Вот эти многочисленные попытки приблизиться к непосредственному выражению музыки, непрерывное возвращение к "обертонам", постижение новых рациональных приемов и приближение к истине открывают все новые и новые поля недостижимости. Этот процесс продолжается бесконечно.

Поэтому хотелось бы сказать, что воплощение замысла всегда является и некоторым его ограничением. Для иных композиторов наиболее идеальным выходом является "невоплощение" замысла. В этом смысле недописавший свою оперу Шенберг как раз воплотил свой замысел. Произведение не окончено, что объясняется массой биографических мотивов (в частности, композитор жил в тяжелых условиях, исключавших возможность серьезной работы). Но это лишь совпадение внутренней и внешней мотивировок; истинной, внутренней мотивировкой явилось то, что подлинным воплощением этого замысла было невоплощение. Вообще представляется очень неправильным суждение о произведении на основании высказываний самих композиторов. Мы привыкли, например, судить о Стравинском по тем полемическим, иногда заносчивым словам, которые он произносил по поводу своих сочинений. На основании авторских высказываний мы иногда отказываем композиторам, чей внутренний музыкальный мир очень велик и многообразен - таким, как Стравинский или Веберн, - в этом внутреннем мире, и, наоборот, склонны легко верить тому, кто говорит не о внешне уловимых вещах, не о технике, не о рациональной стороне музыки, а пытается рассказать, что он хотел выразить. Ни то, ни другое ничего не говорит о самом произведении. Поэтому получается, что суждение композитора стоит принимать в расчет в очень ограниченной мере, они иногда дают лишь представление об общей проблематике, волнующей его. Мы можем представить себе, к примеру, круг интересов Веберна по лекциям композитора Путь к двенадцатитоновой музыке и Путь к современной музыке, а также то, чем он руководствовался и вдохновлялся, что ему нравилось и какие рациональные выводы он из этого делал. Но из всего этого не ясно, чего он хотел своим внутренним слухом, и поэтому не следовало бы руководствоваться его рациональными идеями в оценке его произведений. Равно как и всецело полагаться на аналогичные суждения других композиторов в оценке тех результатов, каких они добились в своей музыке.

1981 г.

Опубл. в сб.: Проблемы традиций и новаторства в современной музыке. - М., 1982. С. 104-107.
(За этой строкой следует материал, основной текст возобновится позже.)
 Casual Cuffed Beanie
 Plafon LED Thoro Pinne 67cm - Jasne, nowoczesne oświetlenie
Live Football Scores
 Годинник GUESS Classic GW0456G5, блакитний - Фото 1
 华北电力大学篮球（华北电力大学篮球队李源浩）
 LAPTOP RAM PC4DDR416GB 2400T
Беседы с Альфредом Шнитке 66



Я вспоминаю ответы Валентина Сильвестрова на встрече с ним Молодежного клуба в Доме композиторов: "Истинность,- говорил Сильвестров,- не дается в руки. Она как бы всегда должна выступить в новом виде. Как только сознание закрепит ее за э т о й формой, она уходит в какую-нибудь другую. И в этом окончательная непознаваемость истины".

Я очень не люблю Фернана Леже. Но чисто рационально я не могу отрицать известного сходства между идеей и воплощением, когда я сопоставляю черточку, охватывающую фигуру у Леже - и красочность, выражающую внутри очертания существующее лицо. И это всегда немножко не совпадает.
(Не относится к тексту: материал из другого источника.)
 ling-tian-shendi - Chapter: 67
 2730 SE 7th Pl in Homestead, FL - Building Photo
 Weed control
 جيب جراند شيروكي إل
- Как афиша в плохой типографии. A.Ш. Вот-вот! Но это делает Леже. Здесь есть какая-то вибрация идеальной, ощущаемой мысли, она все время пульсирует, вот-вот дастся в руки - очертания уже почти совпали - но... никогда не совпадут.

Точно так же схематизация всех положений и форм: это все, казалось бы, вот-вот произойдет! Это - то небольшое движение, которое вечно откладывается. Как горизонт. Ты вечно к нему приближаешься.
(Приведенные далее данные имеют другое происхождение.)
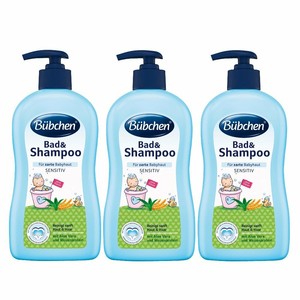 bubchen baby shampoo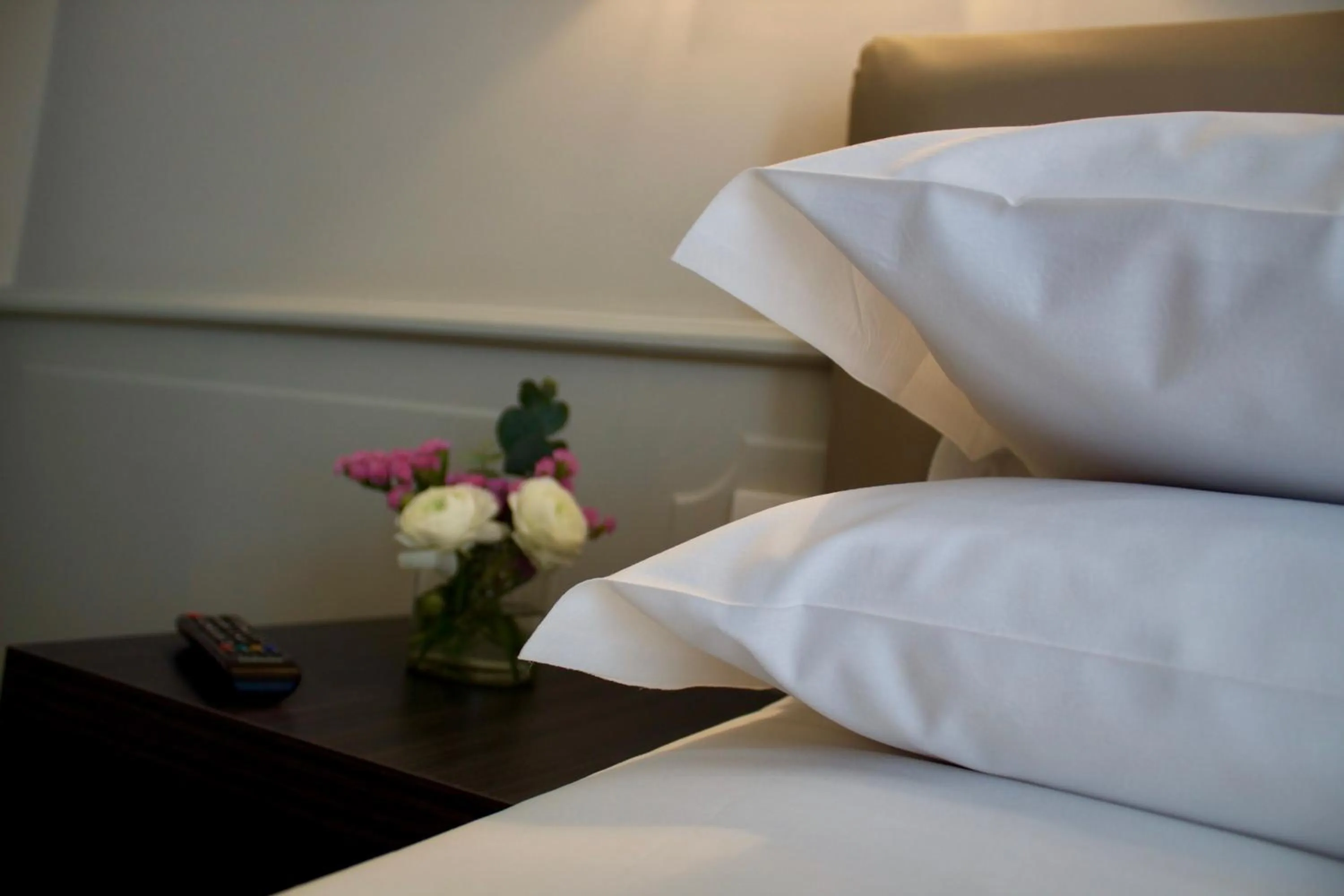 Bed in Parco dei Principi Boutique Hotel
- Большинство твоих циклов - принципиально одночастны...
А.Ш. Да, но есть всегда какая-то особая связь между частями, и связь эта основана на двух противоположных вещах. Первое - очевидно: можно проанализировать темы, найти связи между ними, связи через сходство и через контрасты.

Но есть и другое. Есть взаимодействие материала вне его материального родства. Взаимодействие, объяснить которое я не могу. Но оно -важнее. В балете Пер Гюнт я ощутил: все, что происходит, все самое разное - это воплощение чего-то единого, генеалогического, что все объединяет, и под одним дыханием идет. Различие как бы теряет значение. Это так, как на Земле ты видишь предметы разобщенно, а поднявшись на высоту, видишь невидимые с Земли связи. Ты больше видишь во времени оттого, что больше видишь в пространстве. Что это - я не могу объяснить, но замечаю, что любая тема может подвергнуться превращениям, походя на себя или себе противореча.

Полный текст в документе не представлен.